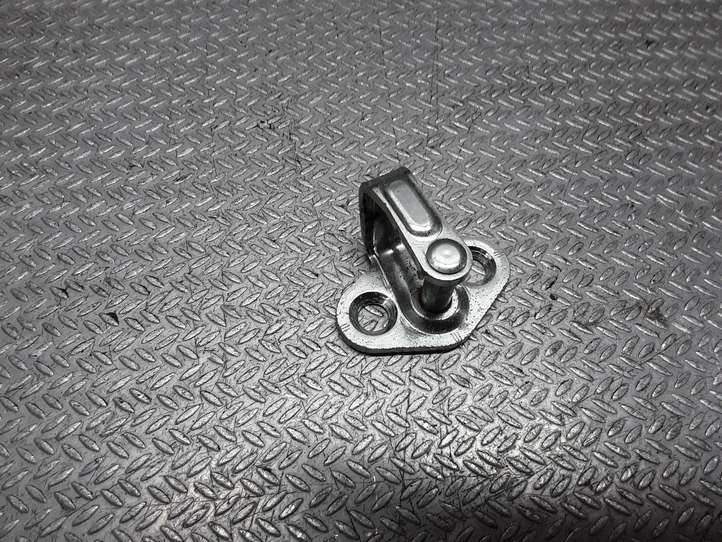 Opel Astra (2009 - 2012)   Петля замка задней двери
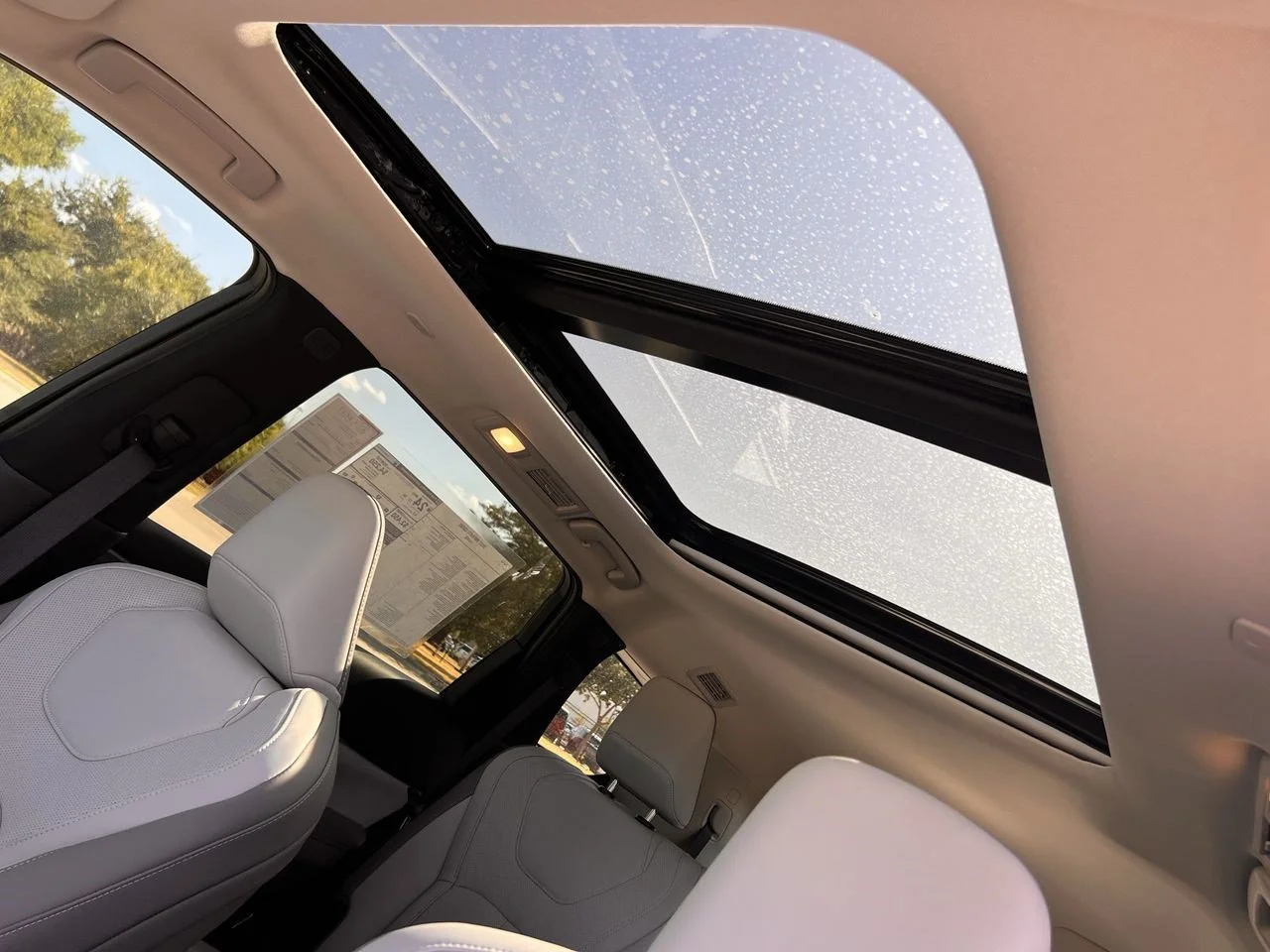 New 2027 RADIANT WHITE INFINITI Luxe FWD image 19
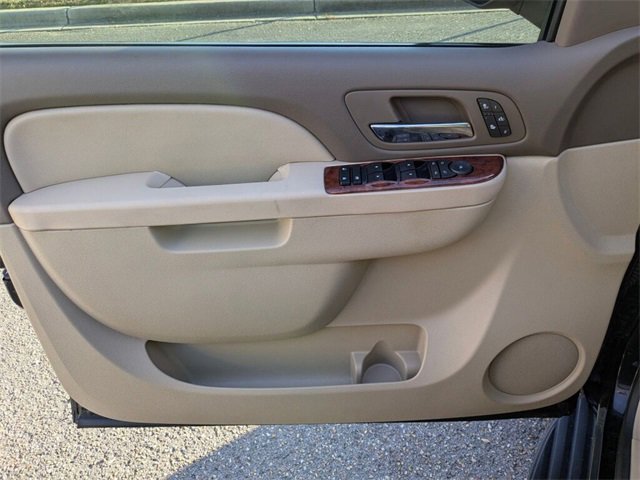 Used 2013 GMC Yukon SLT w/ SLT-2 Equipment Package image 21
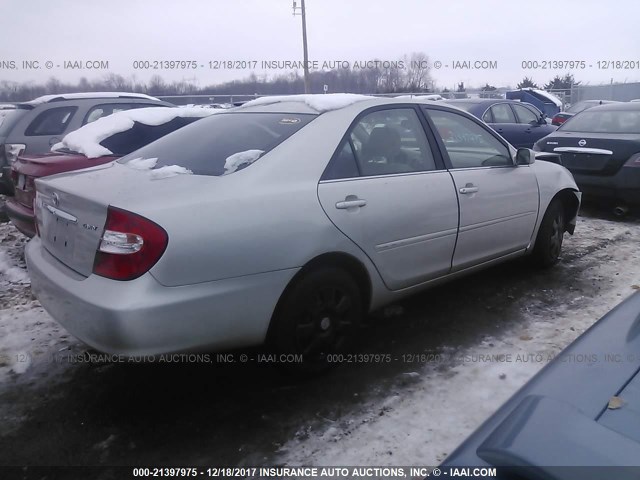 4T1BE32KX4U932596 - 2004 TOYOTA CAMRY LE/XLE/SE SILVER photo 4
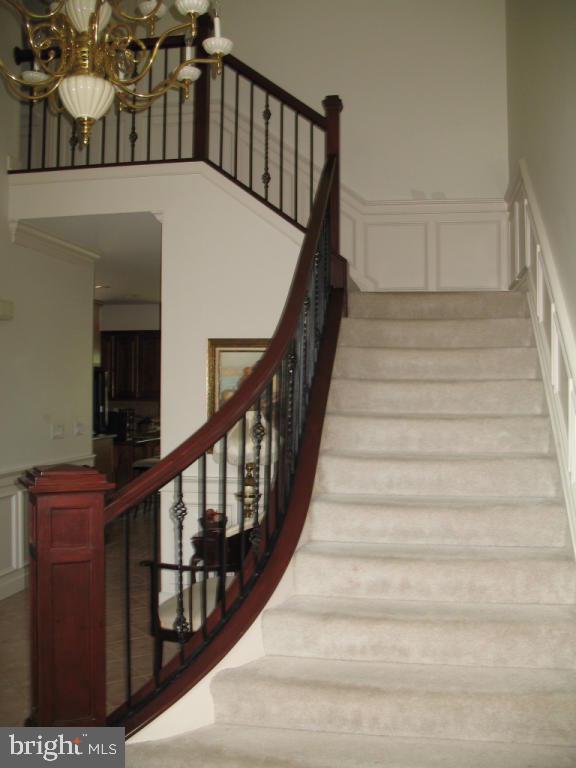 17 Deerfield Road Lancaster, PA 17603 - Photo 12 of 24 Gallery Image 12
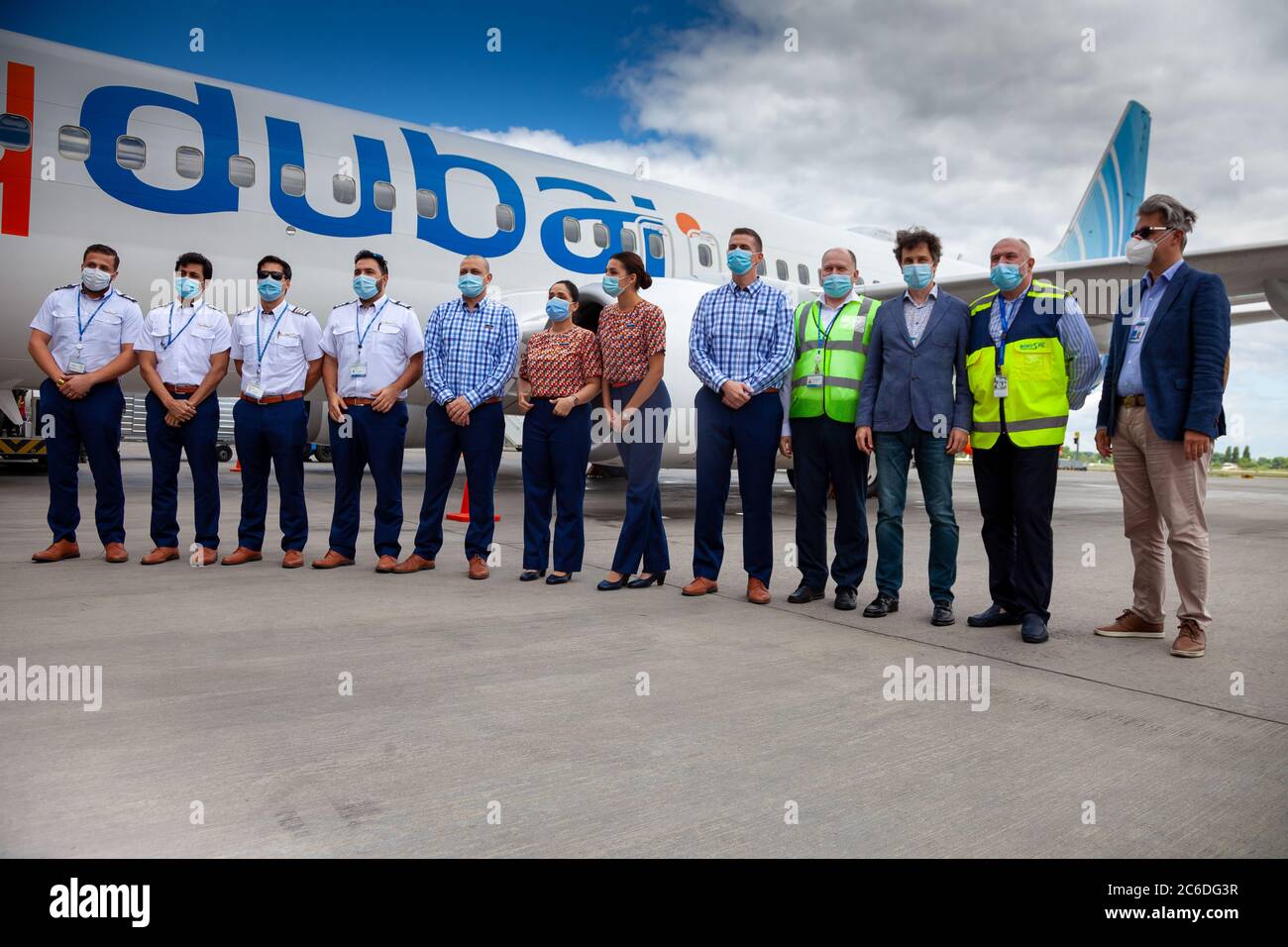 Ukraine, Kiew - 8. Juli 2020: Personal - Kapitäne, Piloten und Flugbegleiter in medizinischen Masken. Passagierflugzeug Boeing 737-800 flydubai Airlines Stockfoto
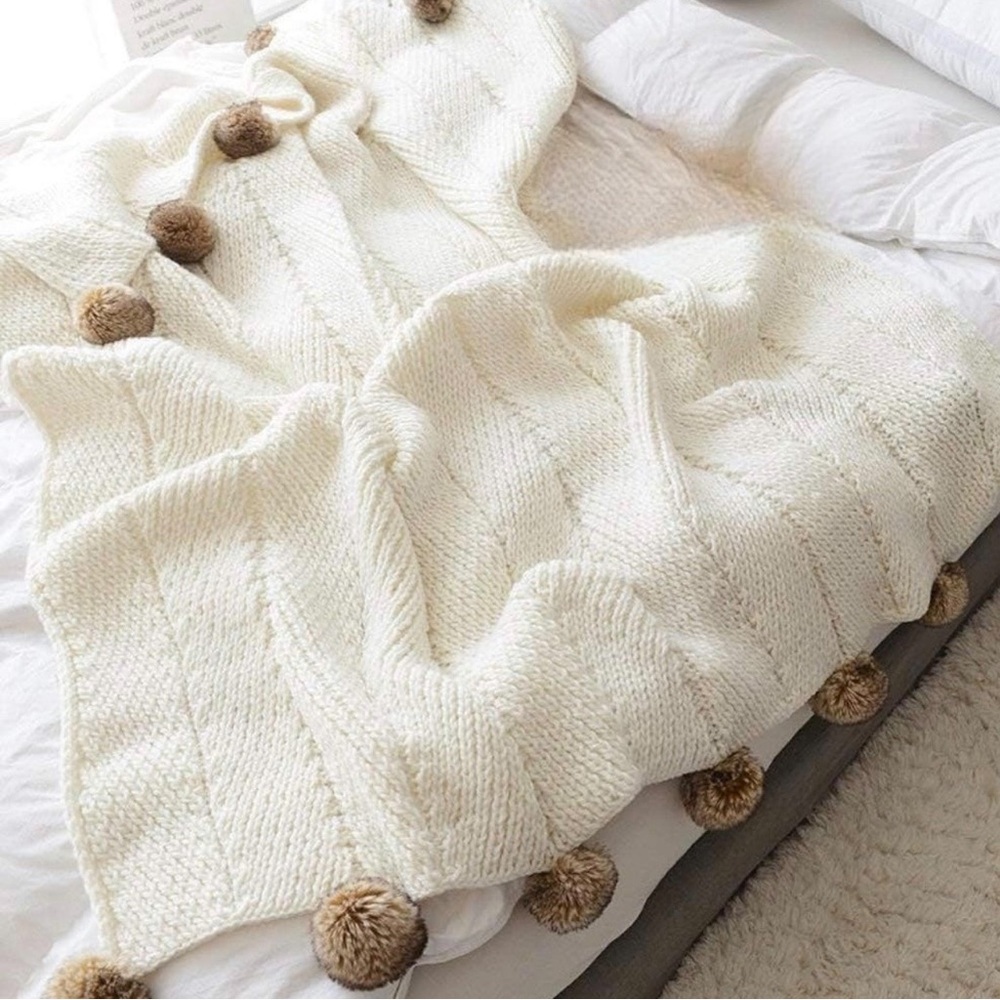 NEW West Elm Boho White Knit Fur Pom Pom Throw Blanket Bedding - 50" x 64"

══════════════════════════════

When you retype the data above, match every line exactly and leave the pictures behind.

Answer to the problem
 Opel Astra (2009 - 2012)   Петля замка задней двери
 New 2027 RADIANT WHITE INFINITI Luxe FWD image 19
 Used 2013 GMC Yukon SLT w/ SLT-2 Equipment Package image 21
 4T1BE32KX4U932596 - 2004 TOYOTA CAMRY LE/XLE/SE SILVER photo 4
 17 Deerfield Road Lancaster, PA 17603 - Photo 12 of 24 Gallery Image 12
 Ukraine, Kiew - 8. Juli 2020: Personal - Kapitäne, Piloten und Flugbegleiter in medizinischen Masken. Passagierflugzeug Boeing 737-800 flydubai Airlines Stockfoto
 NEW West Elm Boho White Knit Fur Pom Pom Throw Blanket Bedding - 50" x 64"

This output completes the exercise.